== TASK PROMPT ==
Leaving the images aside, print every record in the material exactly.

== INFORMATION SHOWN ==
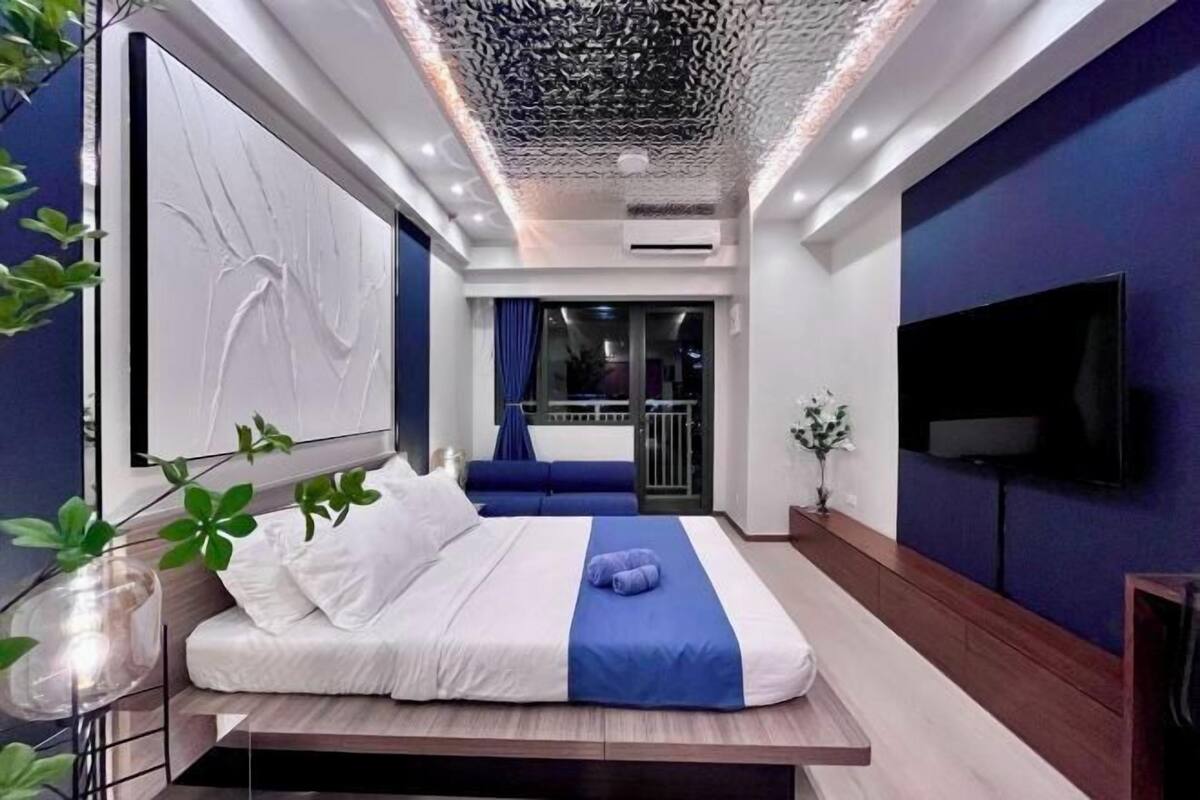 A modern bedroom with a bed, a TV, and a balcony view.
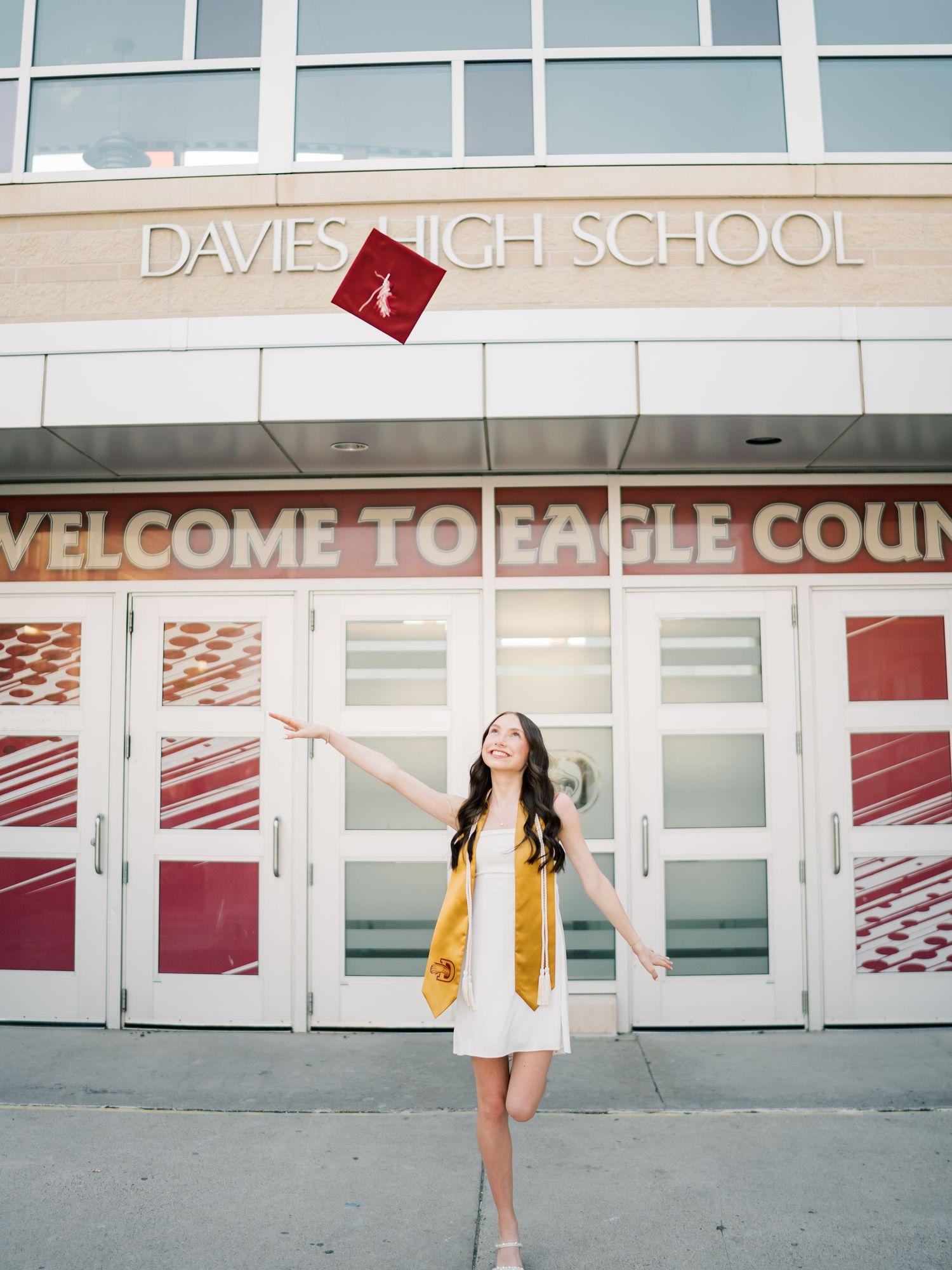 Graduate tosses cap in front of Davies High School Welcome to Eagle Country entrance in white dress and gold stole.
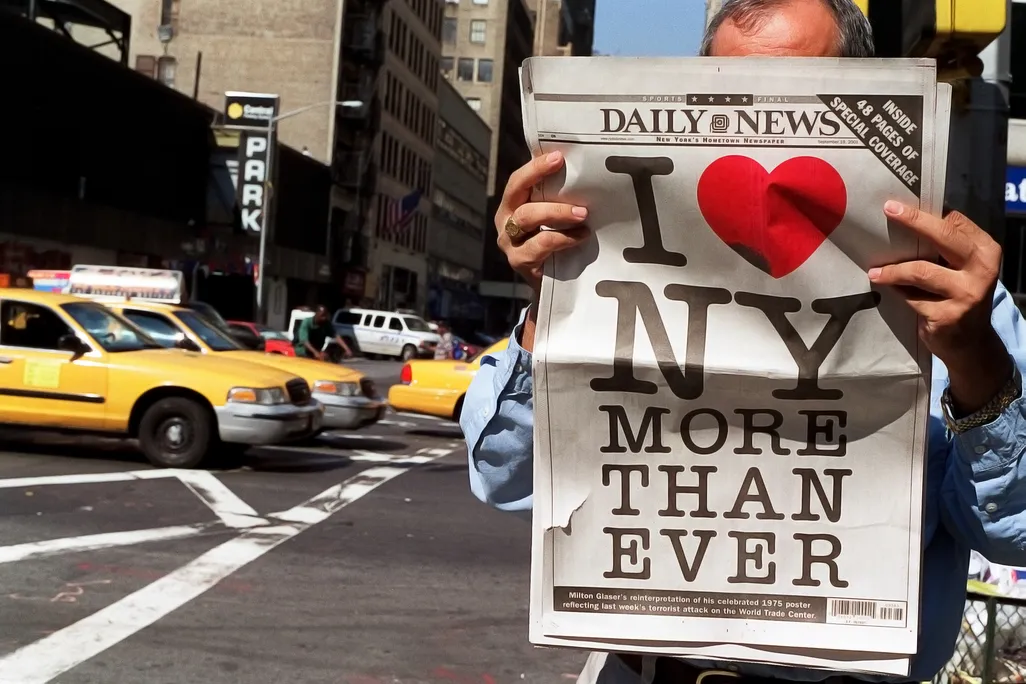 A man in New York City reads a copy of the September 19, 2001, issue of the Daily News.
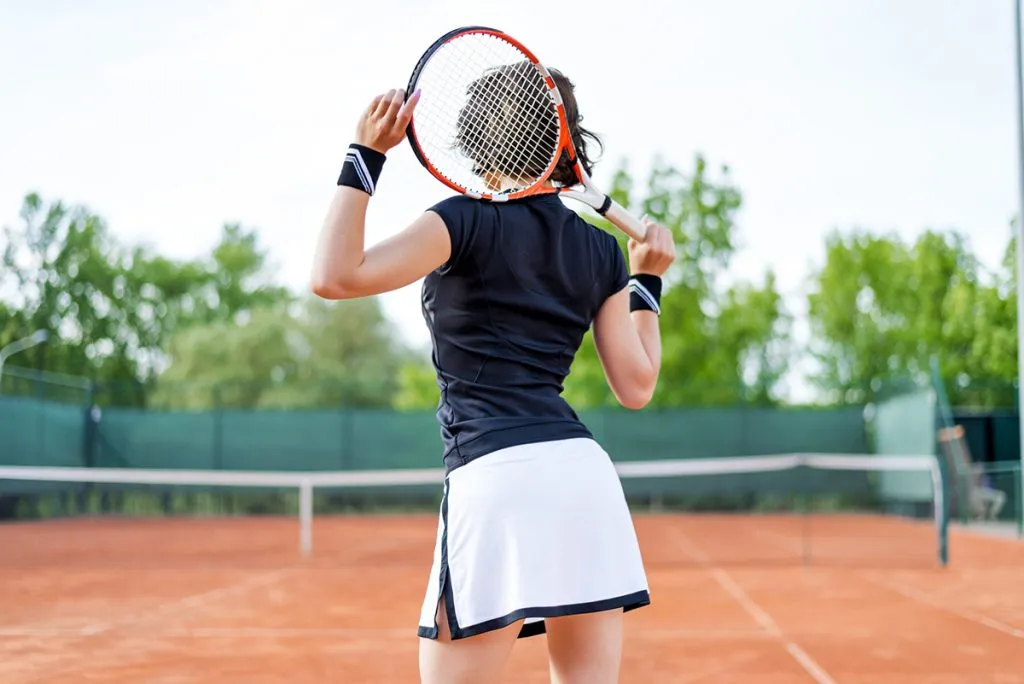 young girl on an open tennis court playing tennis
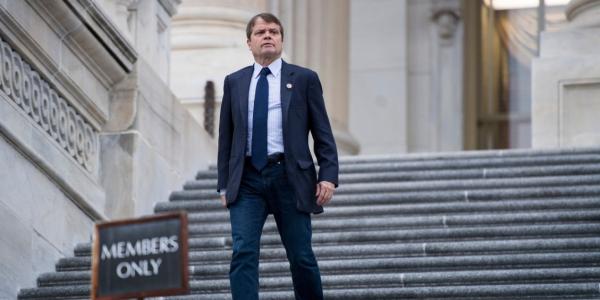 Mike Quigley comes down the steps of the US Capitol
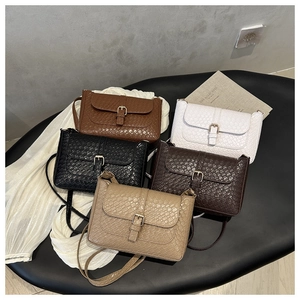 Detail showing various colors of snake pattern textured PU leather crossbody bags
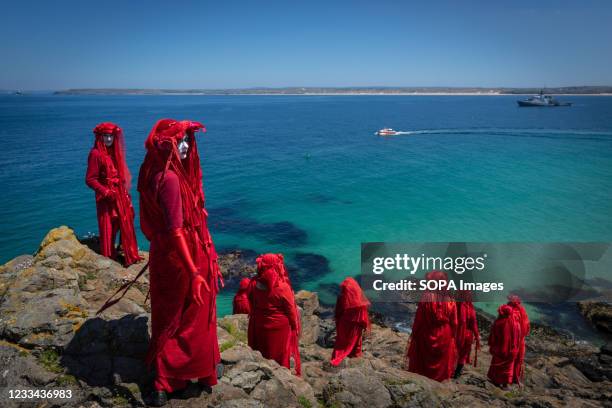 The Red Rebel Brigade which is part of the Extinction Rebellion movement pose on St Ives Head. Environmental Protest Groups gather in Cornwall as the...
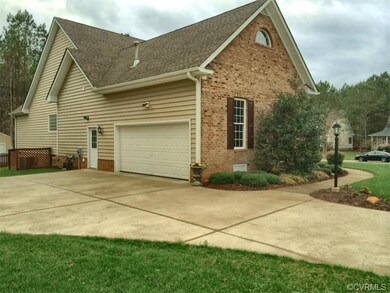 Home offers custom concrete Driveway to a side loa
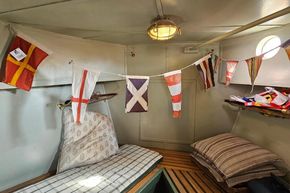 Interior of a 1927 Classic Dutch Barge with nautical flags and cozy bedding.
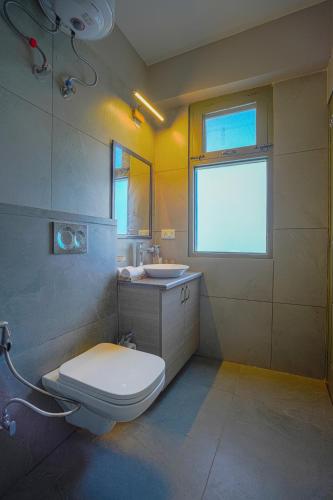 a bathroom with a toilet and a sink and a window at SaffronStays Edelweiss Estate Amore in Chaubattia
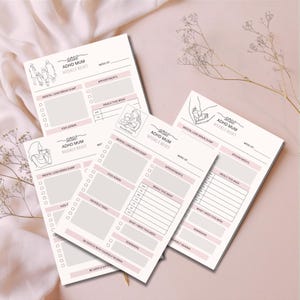 May include: A collection of white and pink ADHD Mum Weekly Reset planner sheets are displayed. Each sheet includes sections for appointments, meals, and reminders, with the text "Mental Load Brain Dump" and "Kids Admin". The sheets are decorated with line art illustrations.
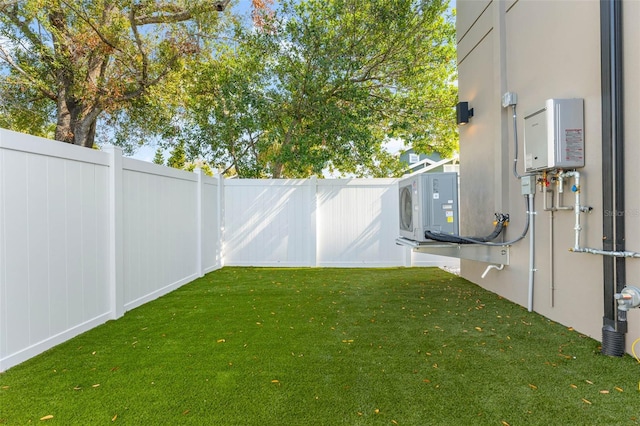 view of yard with tankless water heater and ac unit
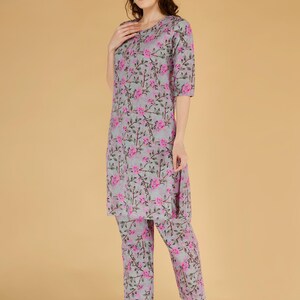 May include: A two-piece pajama set with a grey floral print. The set includes a top and matching trousers. The floral pattern is pink. The model is wearing pink sandals.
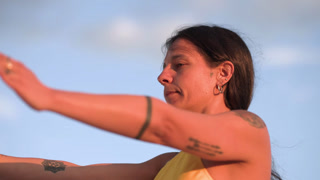 Young woman practicing serene yoga asana during golden hour, radiating wellness and inner peace against soft sunrise backdrop
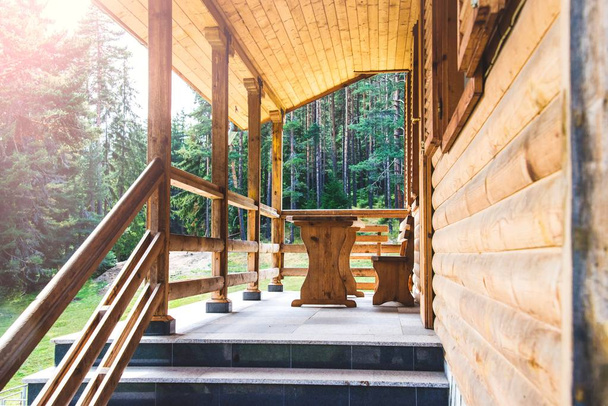 Oldalnézetből egy nyitott veranda előtt egy fából készült erdei házikó. Fenyves erdő alatt a nap sugarai a háttérben. - Fotó, kép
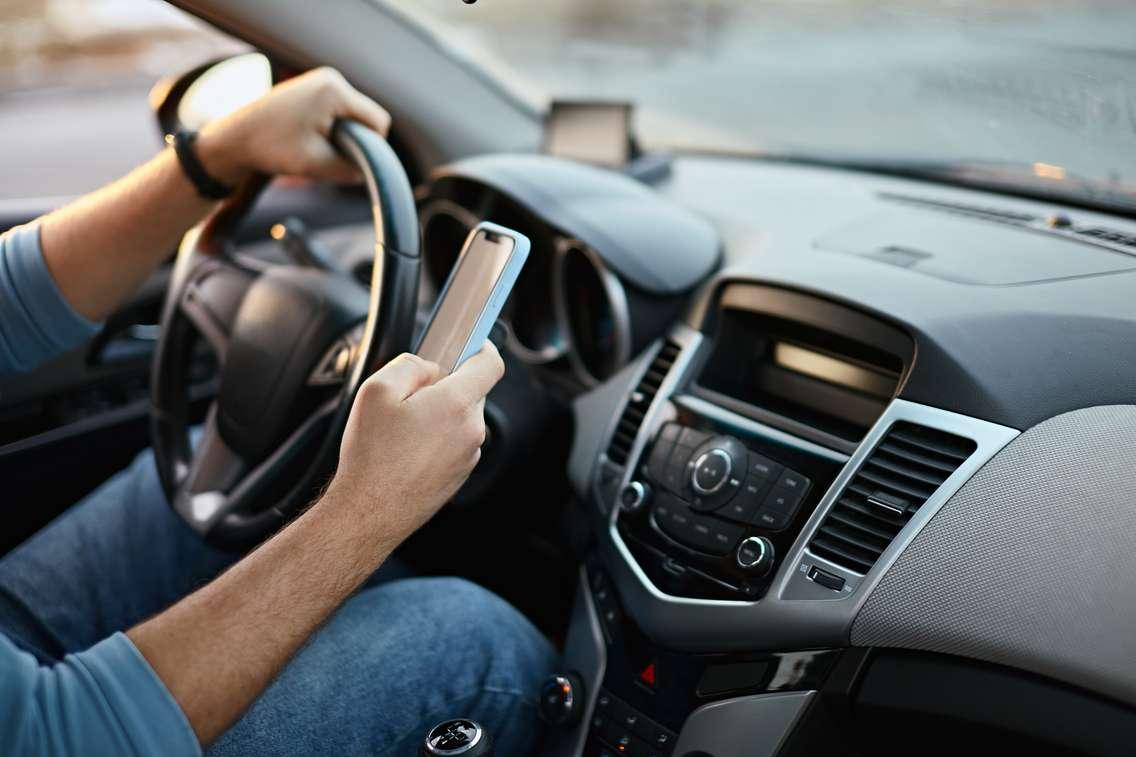 Someone texting and driving stock photo. (Photo by: perfectlab/ iStock/ Getty Images Plus)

== ANSWER TO THE PROBLEM ==
 A modern bedroom with a bed, a TV, and a balcony view.
 Graduate tosses cap in front of Davies High School Welcome to Eagle Country entrance in white dress and gold stole.
 A man in New York City reads a copy of the September 19, 2001, issue of the Daily News.
 young girl on an open tennis court playing tennis
 Mike Quigley comes down the steps of the US Capitol
 Detail showing various colors of snake pattern textured PU leather crossbody bags
 The Red Rebel Brigade which is part of the Extinction Rebellion movement pose on St Ives Head. Environmental Protest Groups gather in Cornwall as the...
 Home offers custom concrete Driveway to a side loa
 Interior of a 1927 Classic Dutch Barge with nautical flags and cozy bedding.
 a bathroom with a toilet and a sink and a window at SaffronStays Edelweiss Estate Amore in Chaubattia
 May include: A collection of white and pink ADHD Mum Weekly Reset planner sheets are displayed. Each sheet includes sections for appointments, meals, and reminders, with the text "Mental Load Brain Dump" and "Kids Admin". The sheets are decorated with line art illustrations.
 view of yard with tankless water heater and ac unit
 May include: A two-piece pajama set with a grey floral print. The set includes a top and matching trousers. The floral pattern is pink. The model is wearing pink sandals.
 Young woman practicing serene yoga asana during golden hour, radiating wellness and inner peace against soft sunrise backdrop
 Oldalnézetből egy nyitott veranda előtt egy fából készült erdei házikó. Fenyves erdő alatt a nap sugarai a háttérben. - Fotó, kép
 Someone texting and driving stock photo. (Photo by: perfectlab/ iStock/ Getty Images Plus)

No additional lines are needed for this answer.